With a system that not only takes care of its viewers, but also provides clear benefits to sponsors, Hacker Noon’s business model does show significant upside potential in the next few years.
Its performance so far tangibly supports the plausibility of its business and demonstrates that the model can operate under the increased pressure from higher viewership.
2. Consistent Growth
Another key factor in Hacker Noon’s promise is the consistent growth that the site has shown. Viewership is ultimately the most important factor in the success or failure of the company. A higher number of viewers enables Hacker Noon to hike its sponsorship package prices, since the number of exposures that a company gets from sponsoring Hacker Noon increases.
Hacker Noon also benefits from the network effects of more viewers. When more people join Hacker Noon’s platform, it is highly likely that a proportion of these visitors are also willing and able to become writers. Since each writer comes with a unique set of experiences and fields of expertise, more writers should also correlate with a larger diversity of topics that appeal to a wider audience.
This process of visitors and writers adding value to the site attracts a larger viewership in a cyclical manner, which is likely to have been a large factor in the company’s growth in the past few years.
Also, with a more sustainable content generation process, Hacker Noon’s management can increasingly focus less on supervision, and work exclusively on strategic and directional challenges.
3. Clear and Promising Roadmap
Though Hacker Noon’s historicals are all normal and healthy, the company’s most encouraging indicator is its plan for future growth. Hacker Noon’s roadmap is very well detailed and reasonable. It’s recognized a few problems with the current business, and presented potential solutions to each problem
First and foremost, they discussed their reliance on external content management systems, and have indicated that starting their own site is one of their most pressing priorities. This seems to be one of the primary reasons of this round of funding, and the exigence for this project is clear.
By managing its own content, Hacker Noon can once again access its sponsors and regain the revenue that was lost between Q2 – Q3 of 2018. It can also be much more flexible with how it manages the website, which should be a significant advantage in the upcoming years when it needs to manage more and more users.
Hacker Noon’s other revenue streams under development are also very promising. While the benefits it can raise from the podcast are clear and immediate, its job board has more potential in the long run.
Especially considering its viewer demographic’s high value to companies, tech firms, large or small, are likely be interested in posting job openings to Hacker Noon, and with more development and marketing, Hacker Noon can be sure to derive much value from this job board idea.
Hacker Noon has already shown an ability to scale and reach millions of people. This type of user traction and product market fit drives our confidence that this is a really exciting investment opportunity.
We’d be remiss if we didn’t also recognize the management team’s ability to grow this into one of the top media sites currently online with nearly no outside capital to date versus similar websites.

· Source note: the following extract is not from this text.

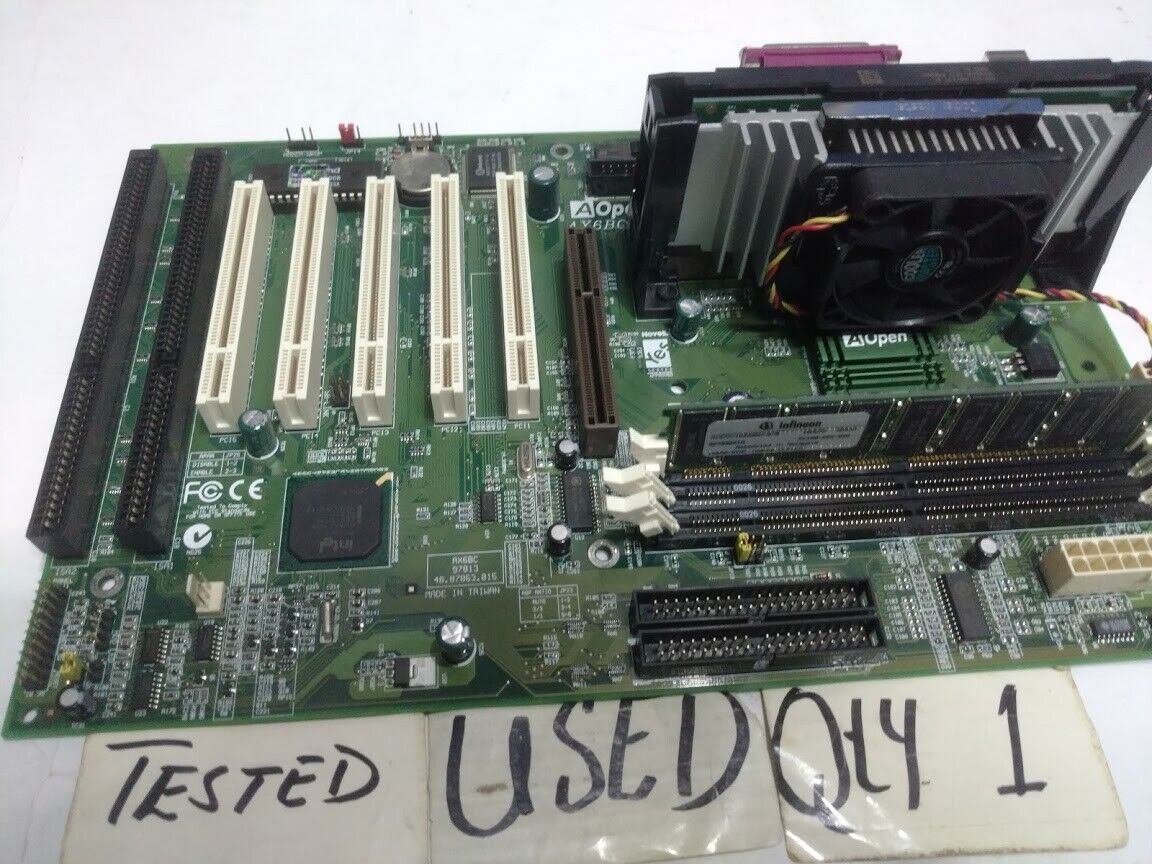Aopen AX6BC 97813 48.87863.015 AX6BC R2.53 Bios V1.0A MotherBoard PIII 550Mhz - Image 9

This is a testament to management’s ability to build a capital efficient and highly scalable business that will be very attractive to many of these media outlets in the years to come.
We think Hacker Noon can be a very interesting acquisition opportunity down the road. Medium already tried to acquire them, and we think this team will only continue to garner interest and provide a healthy exit to investors.
For these reasons Hacker Noon is a Top Deal, and one of the best currently available for investment.